Best way to move an unexpected column in a Pandas DF to a new DF?

January 10, 2022

Wondering what the best way to tackle this issue is. If I have a DF with the following columns

df1()
type_of_fruit   name_of_fruit    price
.....           .....            .....

and a list called

expected_cols = ['name_of_fruit','price']

whats the best way to automate the check of df1 against the expected_cols list? I was trying something like

df_cols=df1.columns.values.tolist()
if df_cols != expected_cols:

And then try to drop to another df any columns not in expected_cols, but this doesn’t seem like a great idea to me. Is there a way to save the "dropped" columns?

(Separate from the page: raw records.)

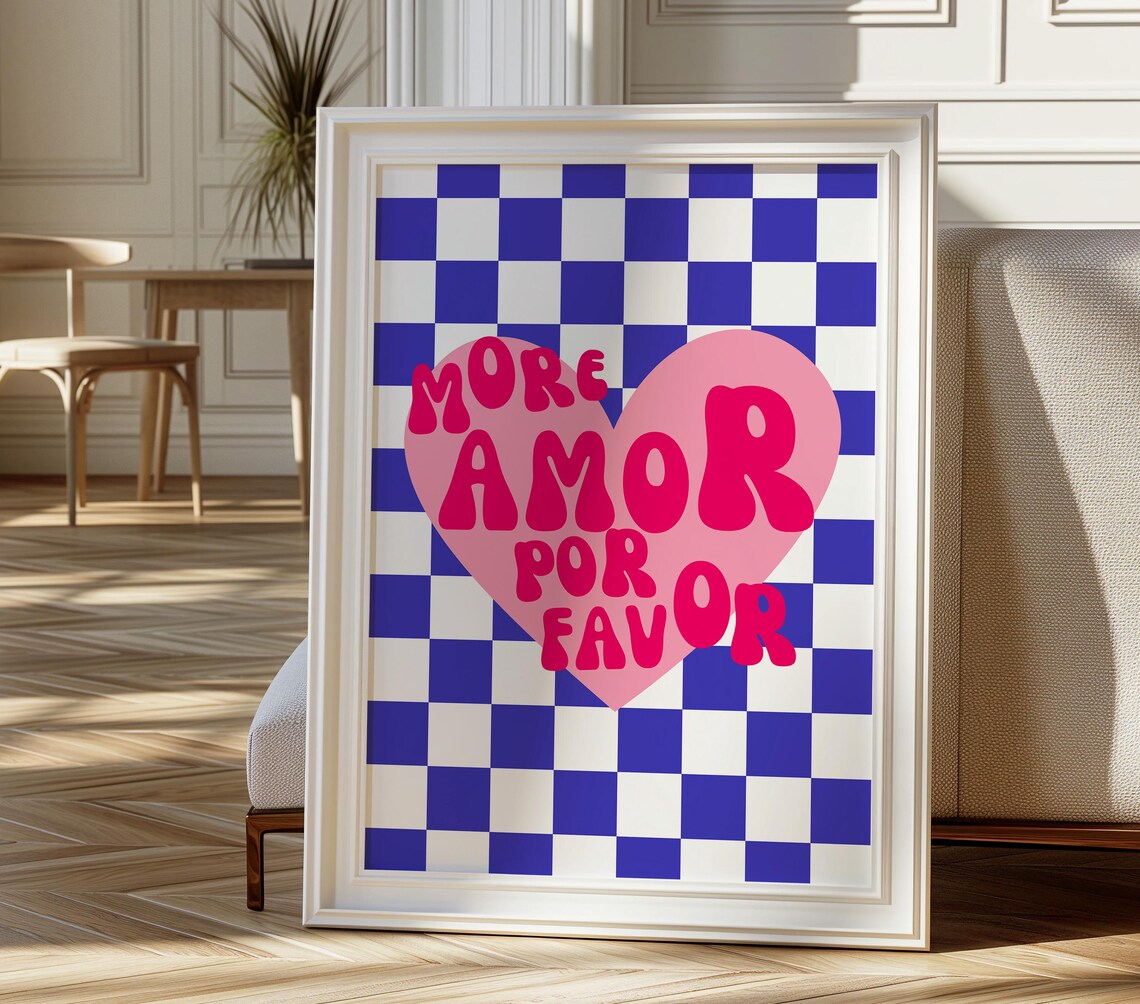 More Amor Por Favor Retro Love Quote Art Print - Image 4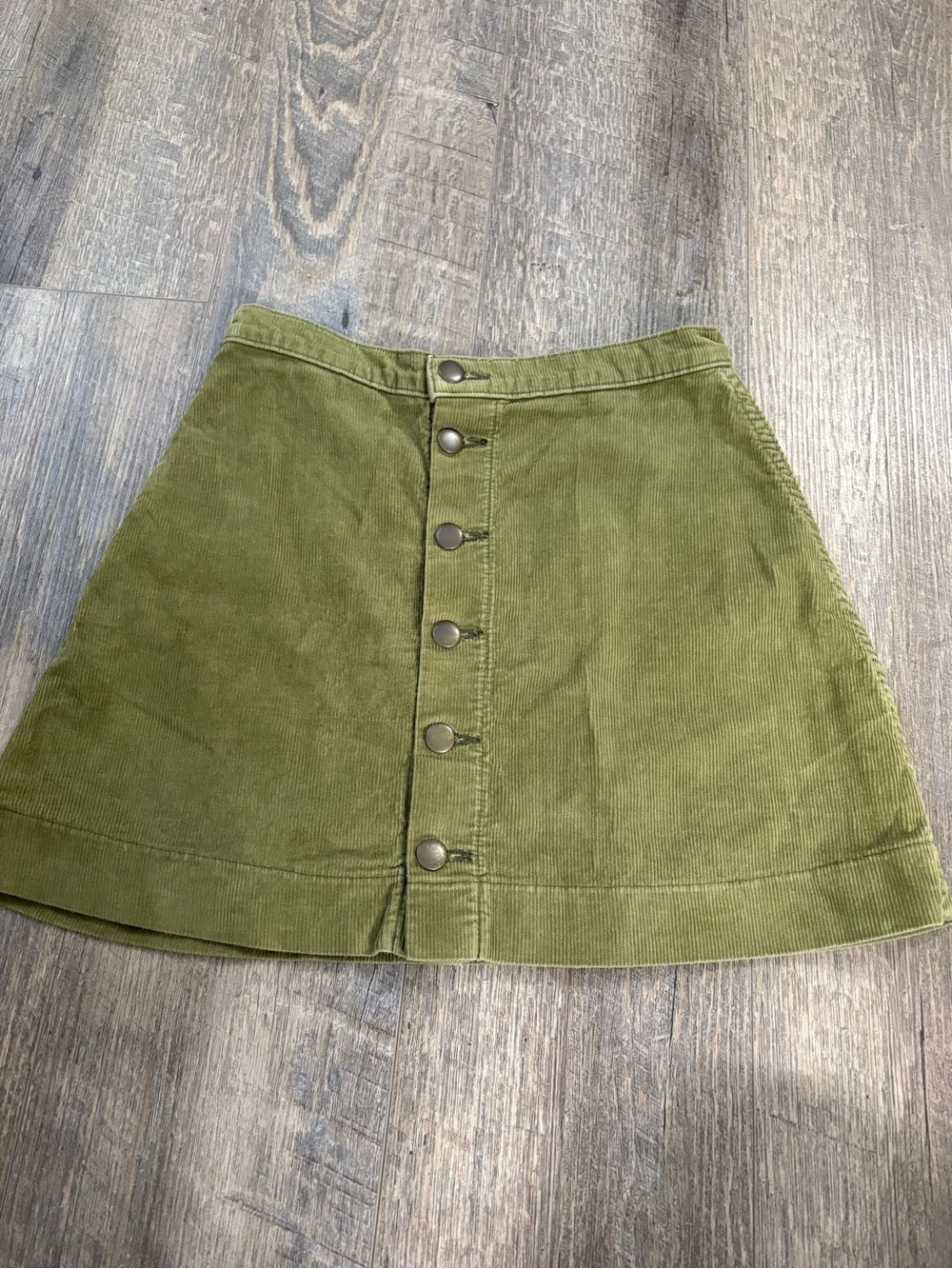 American Apparel Olive Green Corduroy Button-Front A-Line Skirt - Picture 1 of 5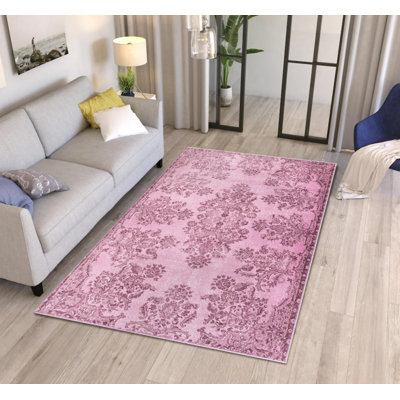Tapis décoratif rose à motif tissé rétro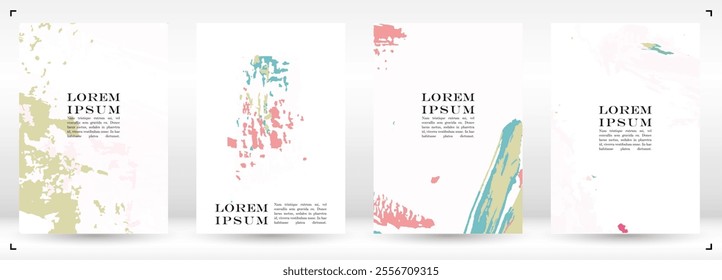 Abstract Vector Paint Stain Background Set. Oil Paint Strokes Placard Design. Good for Cover, Invitation, Banner, Placard, Brochure, Poster, Card, Flyer and other.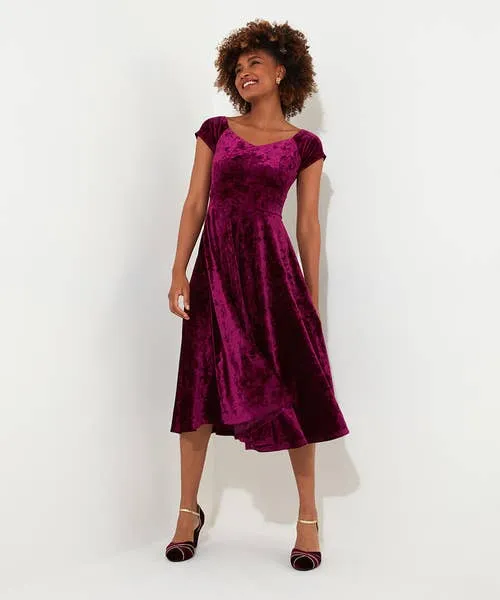 Dresses Joebrowns Apparel Ellie Vintage Velour Dress Berry Dresses Joebrowns Apparel Ellie Vintage Velour Dress Berry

df2 = df1.drop(columns=expected_cols)

But then this seems problematic depending on column ordering, and also in cases where the columns could have either more values than expected, or less values than expected. In cases where there are less values than expected (ie the df1 only contains the column name_of_fruit) I’m planning on using

df1.reindex(columns=expected_cols)

But a bit iffy on how to do this programatically, and then how to handle the issue where there are more columns than expected.

>Solution :

You can use set difference using -:

Assuming df1 having cols:

In [542]: df1_cols = df1.columns # ['type_of_fruit', 'name_of_fruit', 'price']
In [539]: expected_cols = ['name_of_fruit','price']

In [541]: unwanted_cols = list(set(d1_cols) - set(expected_cols))

In [542]: df2 = df1[unwanted_cols]
In [543]: df1.drop(unwanted_cols, 1, inplace=True)